From the records below, set down exactly the lines starting with the line that contains "2026 New Autumn" and going on through the line that contains "garde-corps-in". Nothing else is wanted.
┌─ Material for this task
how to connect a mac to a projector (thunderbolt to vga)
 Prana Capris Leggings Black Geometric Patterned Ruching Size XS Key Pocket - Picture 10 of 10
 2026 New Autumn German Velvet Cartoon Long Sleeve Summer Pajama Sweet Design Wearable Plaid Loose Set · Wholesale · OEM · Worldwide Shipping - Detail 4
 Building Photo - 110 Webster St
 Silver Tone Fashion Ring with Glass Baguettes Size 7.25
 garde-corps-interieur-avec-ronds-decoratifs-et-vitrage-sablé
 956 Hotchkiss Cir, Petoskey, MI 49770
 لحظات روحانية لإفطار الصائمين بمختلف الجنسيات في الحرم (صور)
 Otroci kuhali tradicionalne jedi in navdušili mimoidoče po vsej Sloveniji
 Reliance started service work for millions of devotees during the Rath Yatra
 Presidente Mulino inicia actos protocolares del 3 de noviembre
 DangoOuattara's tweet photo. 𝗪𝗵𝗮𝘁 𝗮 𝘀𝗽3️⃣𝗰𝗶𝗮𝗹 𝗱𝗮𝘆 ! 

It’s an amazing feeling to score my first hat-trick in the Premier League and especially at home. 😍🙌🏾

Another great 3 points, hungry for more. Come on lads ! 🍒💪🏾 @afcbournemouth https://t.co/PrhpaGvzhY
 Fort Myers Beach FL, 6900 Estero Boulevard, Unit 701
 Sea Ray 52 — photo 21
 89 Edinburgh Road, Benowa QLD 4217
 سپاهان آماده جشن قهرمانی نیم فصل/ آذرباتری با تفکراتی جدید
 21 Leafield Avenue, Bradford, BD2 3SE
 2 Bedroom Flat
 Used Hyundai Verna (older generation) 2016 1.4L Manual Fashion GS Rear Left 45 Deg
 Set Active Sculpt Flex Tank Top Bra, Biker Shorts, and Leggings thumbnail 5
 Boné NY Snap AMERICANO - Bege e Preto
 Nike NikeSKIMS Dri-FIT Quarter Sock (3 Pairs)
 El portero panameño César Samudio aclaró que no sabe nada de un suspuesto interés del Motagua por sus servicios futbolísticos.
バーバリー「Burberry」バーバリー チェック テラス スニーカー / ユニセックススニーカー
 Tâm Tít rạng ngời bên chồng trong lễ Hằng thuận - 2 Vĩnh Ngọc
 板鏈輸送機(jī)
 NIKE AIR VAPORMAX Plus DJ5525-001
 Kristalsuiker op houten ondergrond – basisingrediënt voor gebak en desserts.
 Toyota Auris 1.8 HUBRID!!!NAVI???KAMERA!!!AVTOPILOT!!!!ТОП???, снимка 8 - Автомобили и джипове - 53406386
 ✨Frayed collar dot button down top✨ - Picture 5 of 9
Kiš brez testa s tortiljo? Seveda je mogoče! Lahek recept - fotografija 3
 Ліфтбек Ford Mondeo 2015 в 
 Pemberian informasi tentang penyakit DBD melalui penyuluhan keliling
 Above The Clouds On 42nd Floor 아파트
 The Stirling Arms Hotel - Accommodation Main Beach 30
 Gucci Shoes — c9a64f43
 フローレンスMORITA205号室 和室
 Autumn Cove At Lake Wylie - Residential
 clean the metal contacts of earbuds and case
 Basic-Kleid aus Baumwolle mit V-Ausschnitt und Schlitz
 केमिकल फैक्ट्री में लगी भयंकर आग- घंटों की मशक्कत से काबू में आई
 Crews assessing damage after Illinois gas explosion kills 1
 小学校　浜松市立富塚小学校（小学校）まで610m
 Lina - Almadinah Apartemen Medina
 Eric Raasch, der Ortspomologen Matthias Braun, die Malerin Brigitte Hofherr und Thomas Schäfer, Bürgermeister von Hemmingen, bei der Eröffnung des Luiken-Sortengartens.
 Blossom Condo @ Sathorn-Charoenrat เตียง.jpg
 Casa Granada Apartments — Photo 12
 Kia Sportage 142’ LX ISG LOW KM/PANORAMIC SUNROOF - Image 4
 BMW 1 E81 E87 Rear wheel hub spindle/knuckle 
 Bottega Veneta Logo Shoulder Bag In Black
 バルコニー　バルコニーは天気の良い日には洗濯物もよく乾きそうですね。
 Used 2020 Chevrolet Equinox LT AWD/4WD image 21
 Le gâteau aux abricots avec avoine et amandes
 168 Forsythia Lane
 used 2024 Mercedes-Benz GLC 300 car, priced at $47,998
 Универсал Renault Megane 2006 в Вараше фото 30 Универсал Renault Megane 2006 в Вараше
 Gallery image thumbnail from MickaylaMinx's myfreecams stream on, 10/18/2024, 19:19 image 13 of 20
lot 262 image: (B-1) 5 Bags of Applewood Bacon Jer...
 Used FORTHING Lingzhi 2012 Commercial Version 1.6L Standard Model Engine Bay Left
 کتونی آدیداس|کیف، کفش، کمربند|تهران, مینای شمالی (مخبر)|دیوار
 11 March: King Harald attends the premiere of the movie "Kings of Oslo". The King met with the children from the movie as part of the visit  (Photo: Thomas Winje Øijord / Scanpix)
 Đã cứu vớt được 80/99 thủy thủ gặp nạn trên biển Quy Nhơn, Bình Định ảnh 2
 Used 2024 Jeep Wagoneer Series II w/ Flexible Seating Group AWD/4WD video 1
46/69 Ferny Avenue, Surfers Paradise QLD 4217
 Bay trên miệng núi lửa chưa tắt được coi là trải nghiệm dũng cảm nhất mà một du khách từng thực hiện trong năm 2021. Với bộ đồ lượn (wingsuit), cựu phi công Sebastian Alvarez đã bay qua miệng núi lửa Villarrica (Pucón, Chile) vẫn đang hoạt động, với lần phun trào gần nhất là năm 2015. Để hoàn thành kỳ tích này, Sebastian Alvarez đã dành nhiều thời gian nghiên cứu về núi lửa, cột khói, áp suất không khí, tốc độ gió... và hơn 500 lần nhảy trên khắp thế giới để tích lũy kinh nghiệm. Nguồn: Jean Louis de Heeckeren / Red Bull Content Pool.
└─
▸ **Answer to this exercise**:
 2026 New Autumn German Velvet Cartoon Long Sleeve Summer Pajama Sweet Design Wearable Plaid Loose Set · Wholesale · OEM · Worldwide Shipping - Detail 4
 Building Photo - 110 Webster St
 Silver Tone Fashion Ring with Glass Baguettes Size 7.25
 garde-corps-interieur-avec-ronds-decoratifs-et-vitrage-sablé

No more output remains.